Teaching to Transgress: Education as the Practice of Freedom
- Genre: Nonfiction; pedagogy essay collection
- Originally Published: 1994
- Reading Level/Interest: College/Adult
- Structure/Length: 14 chapters and introduction; approx. 216 pages; approx. 7 hours, 30 minutes on audio
- Central Concern: This work is a collection of essays reflecting on how classroom environments can marginalize individuals and foster racism and gender discrimination; the author offers theories on pedagogy that instead promote educational systems which work to transgress the boundaries of bias and power and support freedom for all.
- Potential Sensitivity Issues: Racism and prejudice, sexism
bell hooks (Gloria Jean Watkins), Author
- Bio: 1952-2021; poet, writer, and teacher; born in Kentucky and raised in a racially-segregated community and school system in Hopkinsville, Kentucky; earned a scholarship to Stanford University and graduate degrees at the University of Wisconsin (master’s in English literature) and University of California (Ph.D.); served as a professor at a number of colleges and universities; published over 30 works of nonfiction and other writings in which she explored feminist theory, racism, identity, pedagogy, place, and politics; preferred her pen name uncapitalized to emphasize the topics of her works instead of the writer
- Other Works: Ain’t I a Woman: Black Women and Feminism (1981); Feminist Theory from Margin to Center (1984); Reel to Real: Race, Sex, and Class at the Movies (1996); Wounds of Passion: A Writing Life (1997); Communion: The Female Search for Love (2002); We Real Cool: Black Men and Masculinity (2003)
- Awards: 1991 American Book Award for Yearning: Race, Gender, and Cultural Politics (Before Columbus Foundation); 1994 Writer’s Award (Lila Wallace/Reader’s Digest Fund); 2001 Image Award nomination for Happy to Be Nappy (National Association for the Advancement of Colored People); 2002 Hurston/Wright Legacy Award nominee for Salvation: Black People and Love; 2002 Children’s Book of the Year for Homemade Love (Bank Street College); 2012 Best Poetry Award for Appalachian Elegy: Poetry and Place (Black Caucus of the American Library Association)
CENTRAL THEMES connected and noted throughout this Teaching Unit:
- Confronting Divisions in American Education: Moving from the Margins to the Center in the Multicultural Classroom
- The Necessity of Accessible Theory
- Teachers as Healers and as Needing Healing
STUDY OBJECTIVES: In accomplishing the components of this Unit, students will:
- Explore obstacles faced by marginalized students—and the importance of bell hooks as a figure offering solutions to these obstacles—in order to increase their engagement with and comprehension of hooks’s theories in Teaching to Transgress.
- Read/study paired texts and other brief resources to deepen their understanding of themes related to Confronting Divisions in American Education: Moving from the Margins to the Center in the Multicultural Classroom and Teachers as Healers and as Needing Healing.

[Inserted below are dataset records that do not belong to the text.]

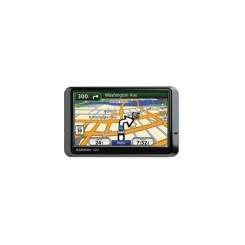 Garmin nuvi 285WT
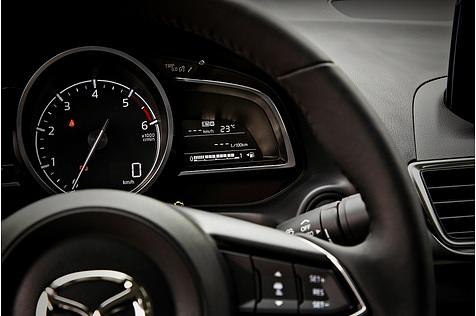 Mazda3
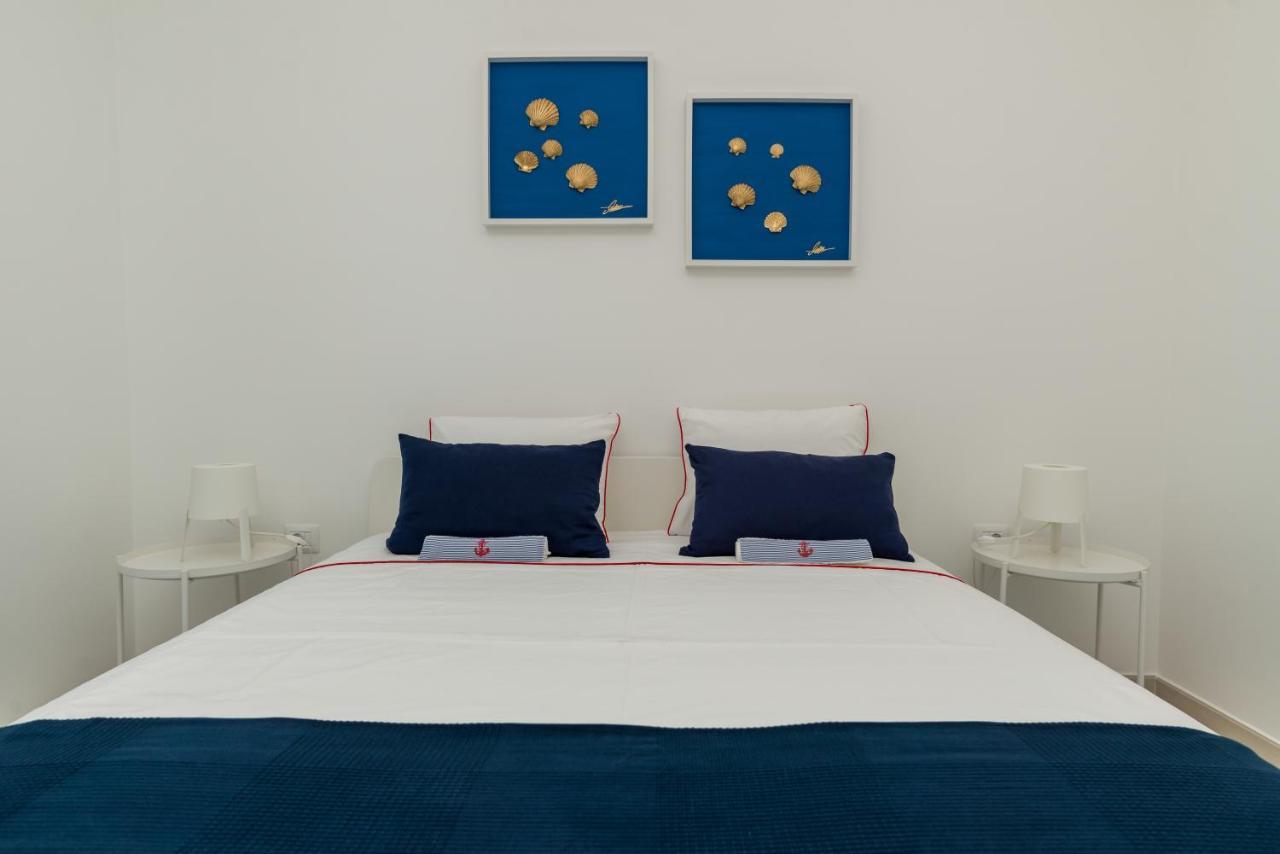 Cikat Bay Residence 말리로시니 외부 사진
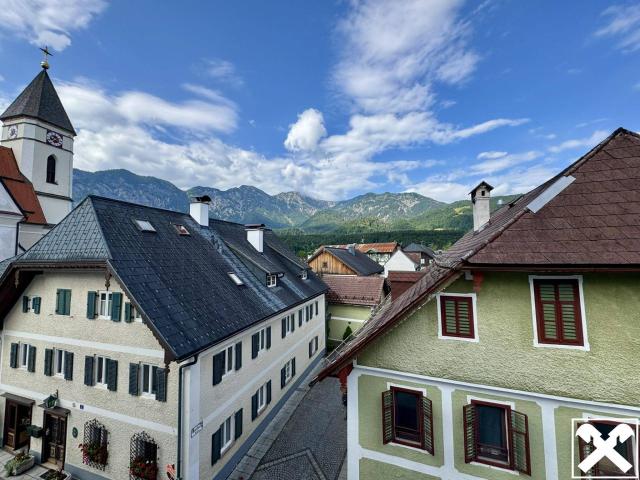 Schöne 3 Zimmer Wohnung im Zentrum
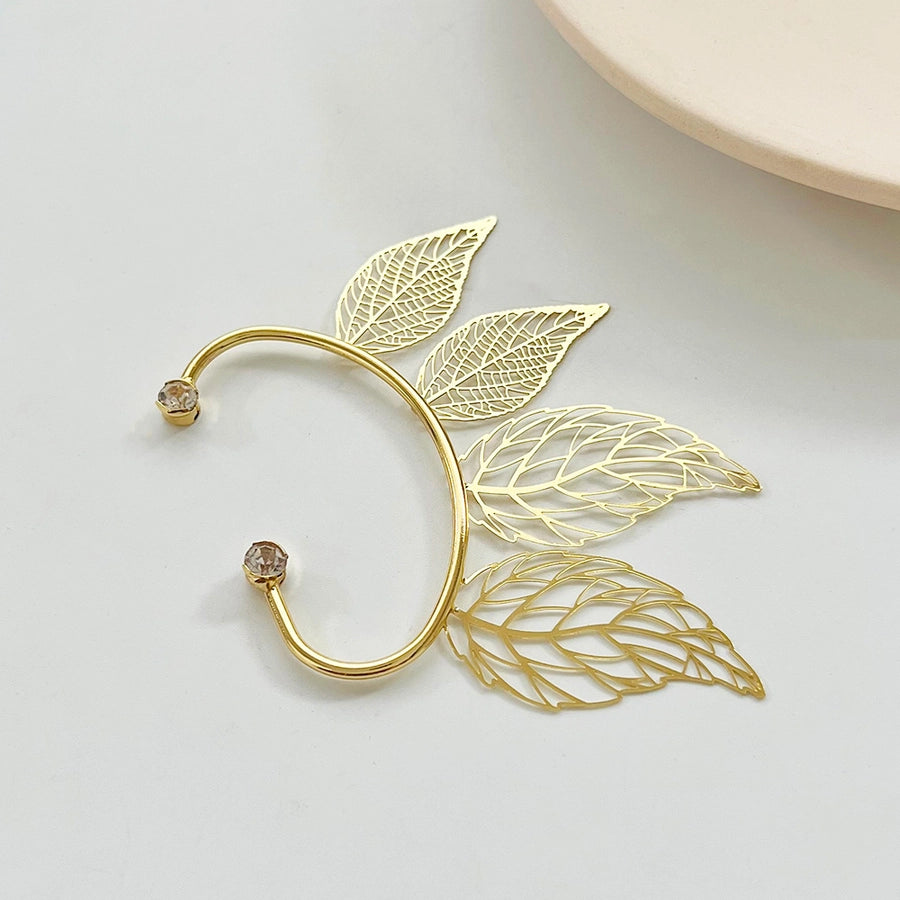Earcuffs alas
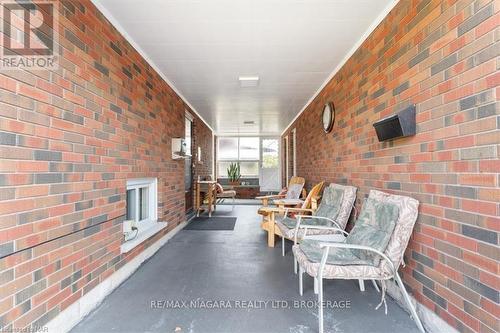 425 Bell Street, Port Colborne (875 - Killaly East), ON - Indoor With Fireplace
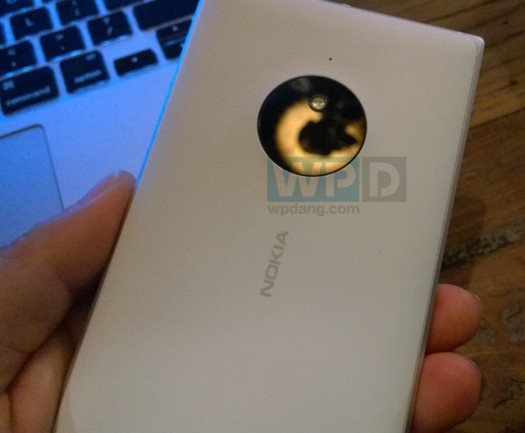 Nokia Lumia 830 WindowsBlogItalia (1)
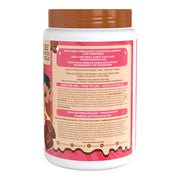 Salon Line kids Cachinhos Sedosos Creme Para Pentear 1kg — foto oficial da marca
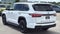 2025 Toyota Sequoia SR5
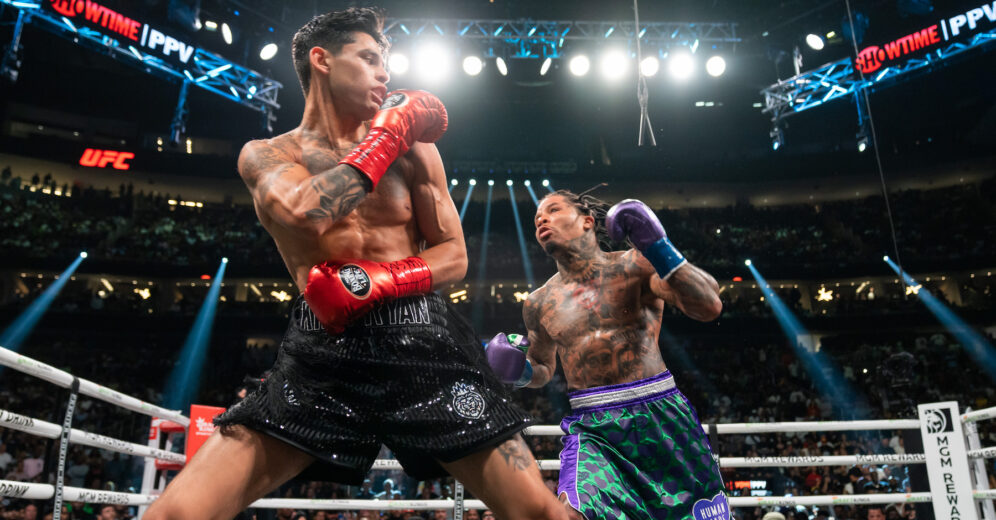 Gervonta Davis vs Ryan Garcia_04_22_2023_Fight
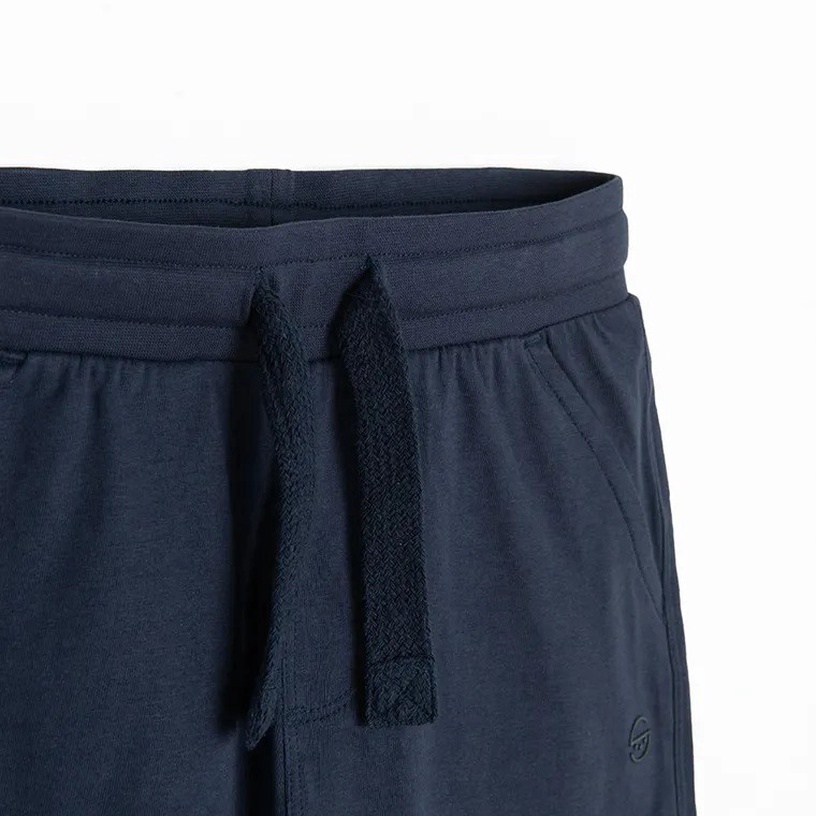 Šorti vasara, zēniem Cool Club Voyage CCB2812710, zila, 98 cm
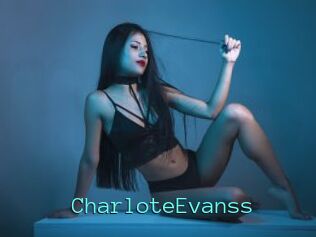 CharloteEvanss
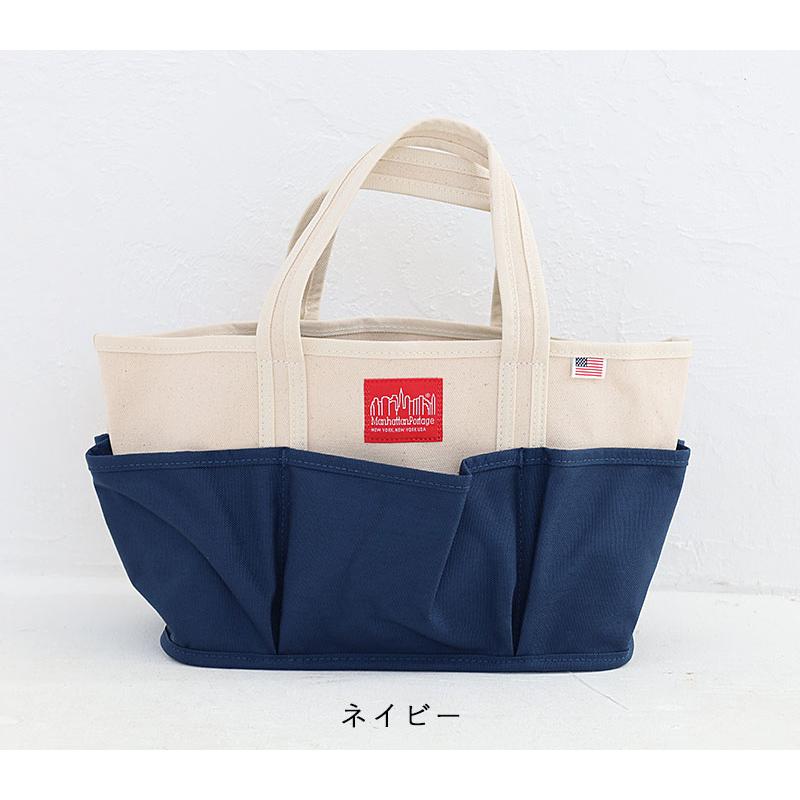 Manhattan Portage（マンハッタンポーテージ） ノベルティ付
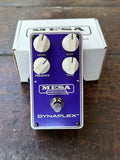 Mesa/Boogie Dynaplex British Crunch Overdrive Pedal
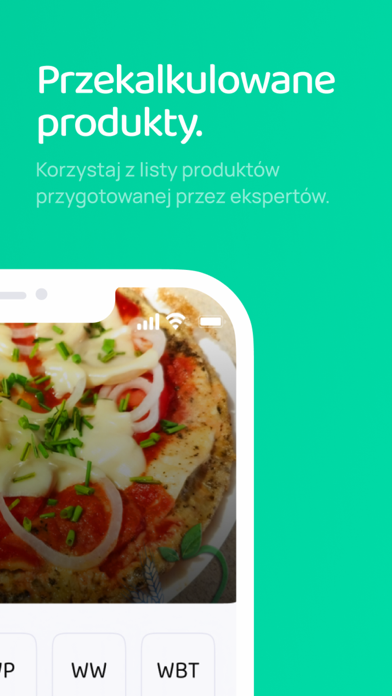Indeks glikemiczny ŁGeniusz Screenshot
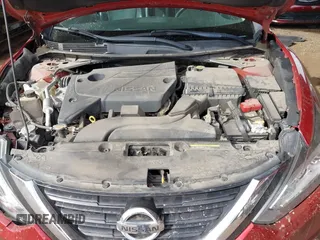 2018 Nissan Altima SR with VIN 1N4AL3APXJC193479, listed as a IAAI auction lot 41205532 with 131,164 mi miles and . Bid and sale history available at DreamBid. Image 10.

- Demonstrate their understanding of engaged pedagogy by creating a brief teaching unit using hooks's ideas from Teaching to Transgress.
Construct essay responses analyzing the relationship between hooks’s personal experiences and her theories, among various theories contained in the text, and between the book’s themes of Confronting Divisions in American Education: Moving from the Margins to the Center in the Multicultural Classroom, The Necessity of Accessible Theory, and Teachers as Healers and as Needing Healing and the textual elements that support them.